Among the records that follow, find the line with "تعرف على حكم" and the line with "Foca chamado barco". Set down those lines and all lines between them exactly, without adding anything.

Records provided:
[Start of section]

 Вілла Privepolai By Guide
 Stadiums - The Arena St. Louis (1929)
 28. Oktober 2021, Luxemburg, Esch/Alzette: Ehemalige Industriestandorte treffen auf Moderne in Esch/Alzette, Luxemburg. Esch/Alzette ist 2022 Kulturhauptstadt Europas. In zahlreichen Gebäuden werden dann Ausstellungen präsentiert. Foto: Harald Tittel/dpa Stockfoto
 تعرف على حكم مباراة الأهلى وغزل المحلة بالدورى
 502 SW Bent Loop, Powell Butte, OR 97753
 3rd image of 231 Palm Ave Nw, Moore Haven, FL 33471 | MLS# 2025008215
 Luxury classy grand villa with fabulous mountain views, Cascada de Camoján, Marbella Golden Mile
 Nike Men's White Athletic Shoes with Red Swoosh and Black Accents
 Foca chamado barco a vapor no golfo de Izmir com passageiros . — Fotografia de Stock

[End of section]
[Start of section]

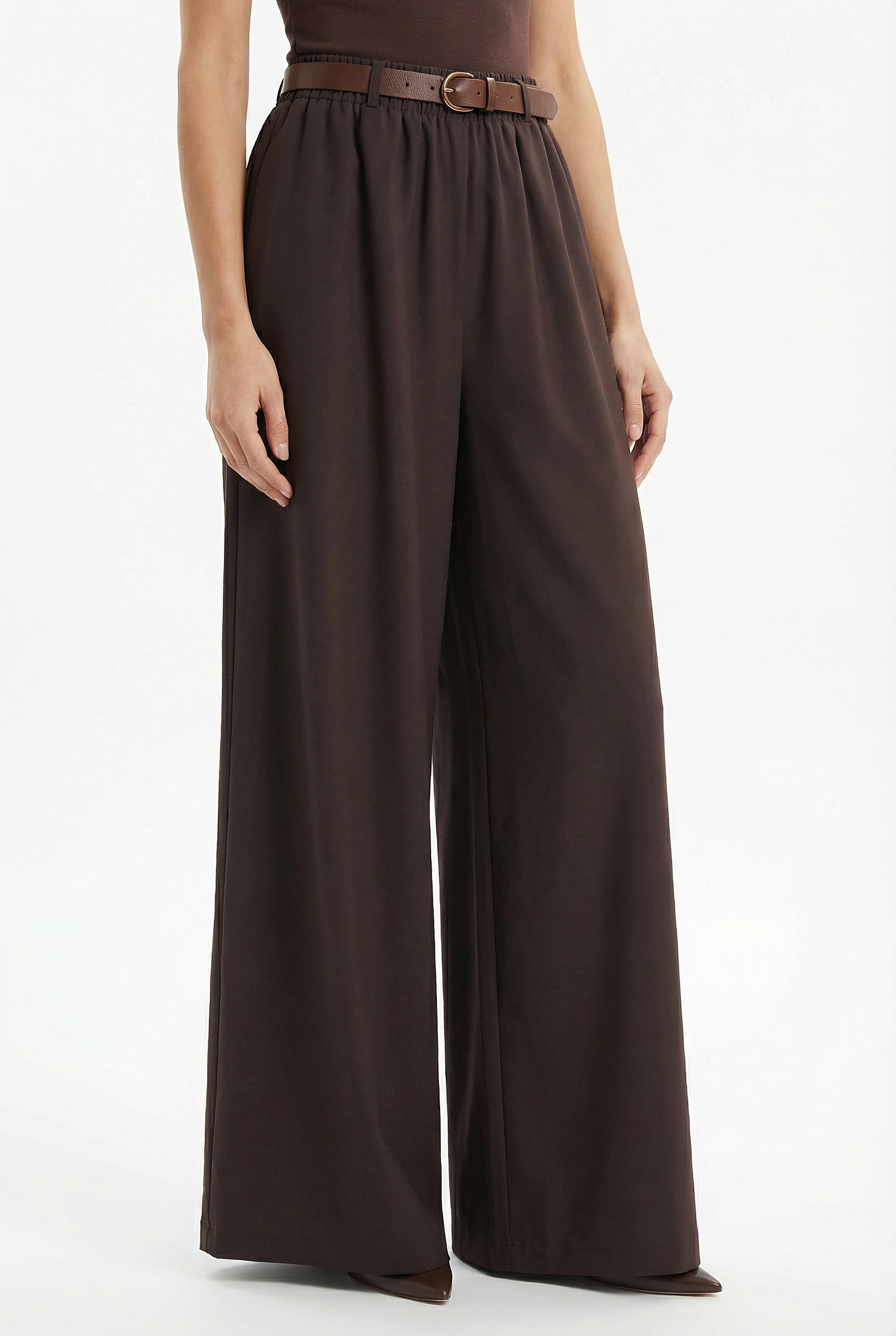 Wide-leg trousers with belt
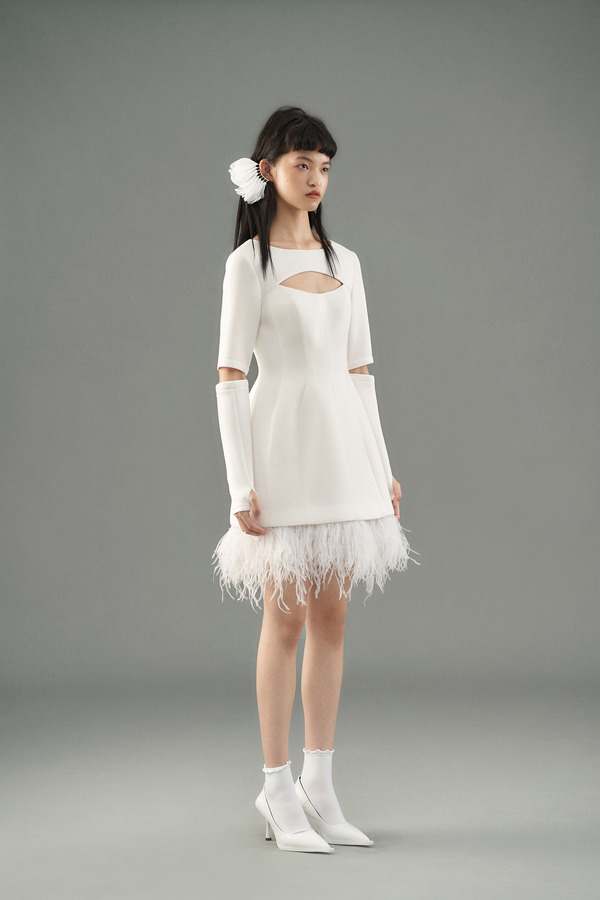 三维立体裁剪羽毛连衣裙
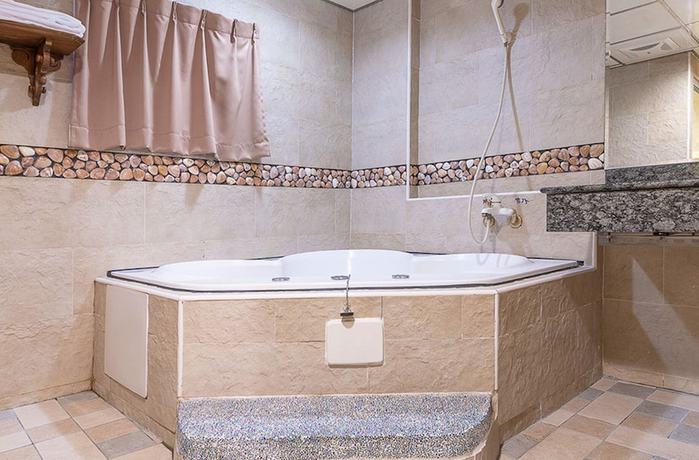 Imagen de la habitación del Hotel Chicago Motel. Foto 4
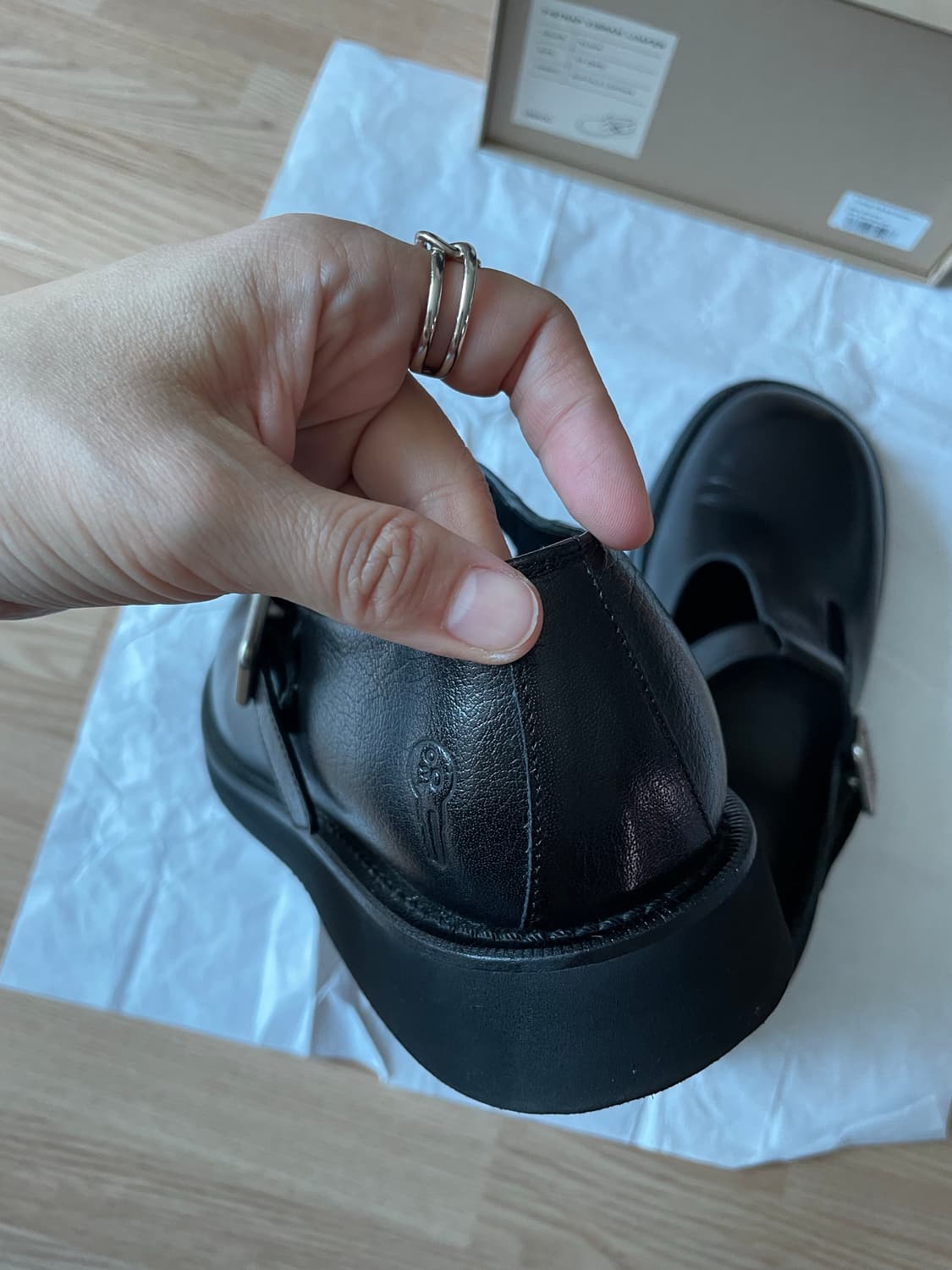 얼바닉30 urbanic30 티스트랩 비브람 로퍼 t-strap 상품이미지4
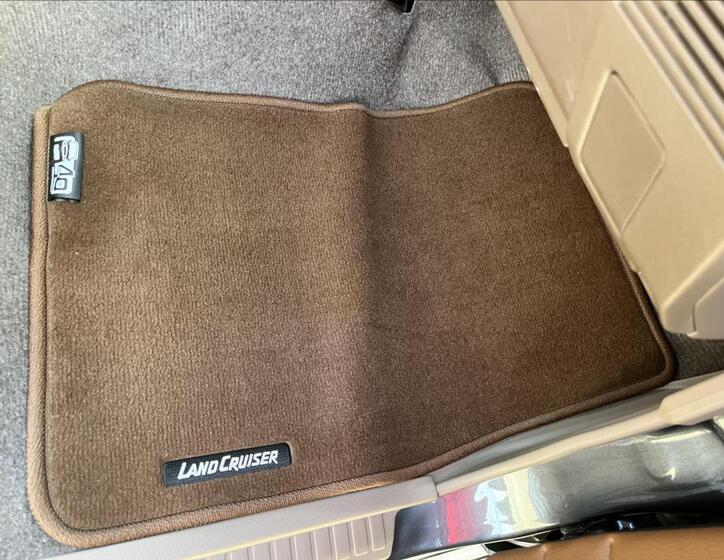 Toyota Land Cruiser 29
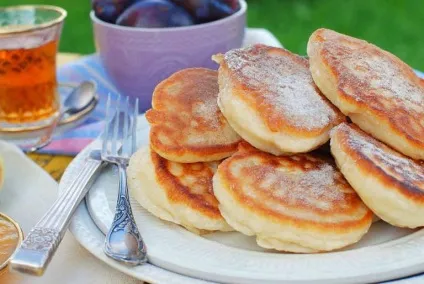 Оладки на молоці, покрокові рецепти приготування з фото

[End of section]
[Start of section]

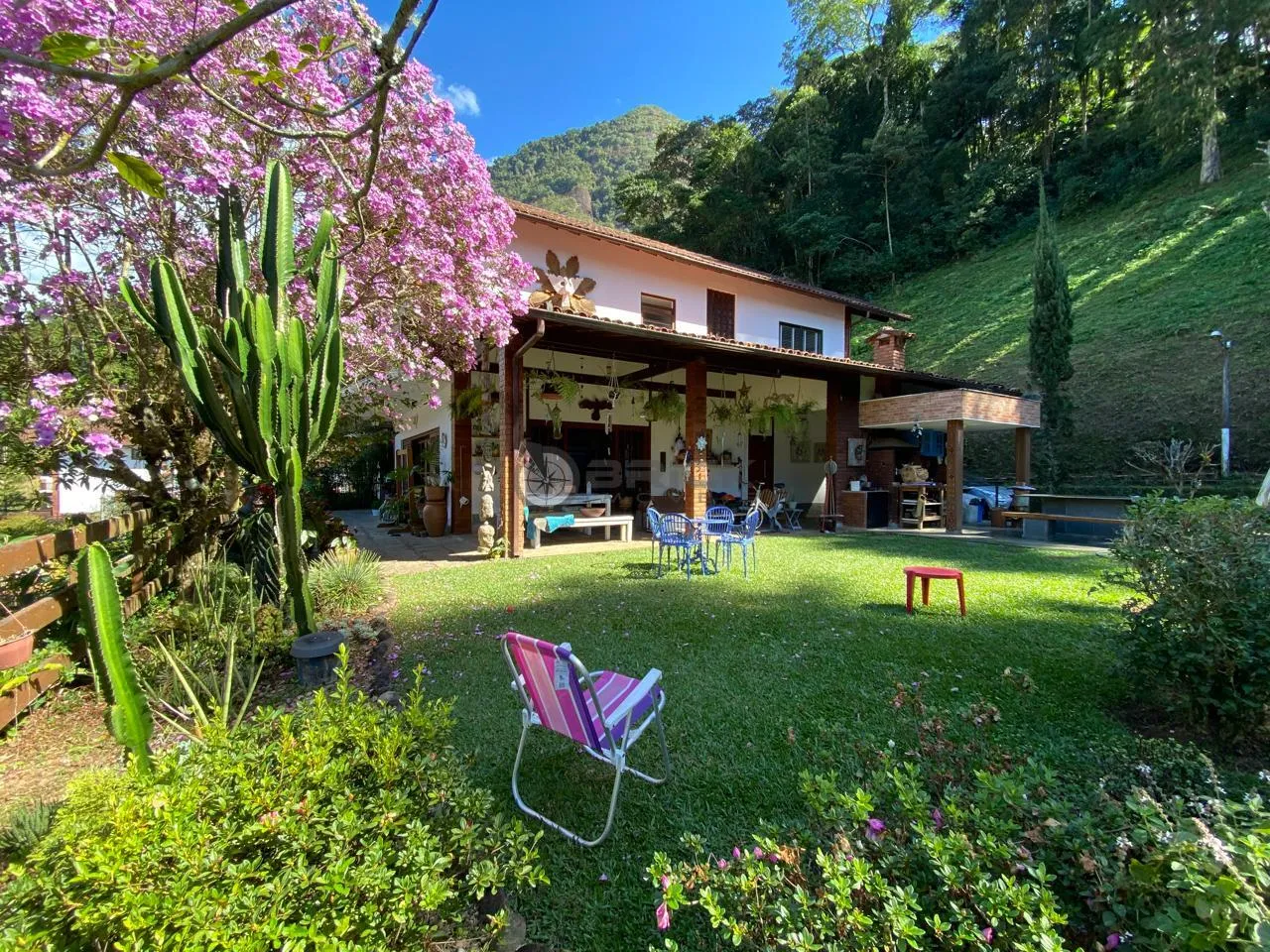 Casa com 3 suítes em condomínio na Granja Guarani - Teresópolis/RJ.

[End of section]

Solution for this problem:
 تعرف على حكم مباراة الأهلى وغزل المحلة بالدورى
 502 SW Bent Loop, Powell Butte, OR 97753
 3rd image of 231 Palm Ave Nw, Moore Haven, FL 33471 | MLS# 2025008215
 Luxury classy grand villa with fabulous mountain views, Cascada de Camoján, Marbella Golden Mile
 Nike Men's White Athletic Shoes with Red Swoosh and Black Accents
 Foca chamado barco a vapor no golfo de Izmir com passageiros . — Fotografia de Stock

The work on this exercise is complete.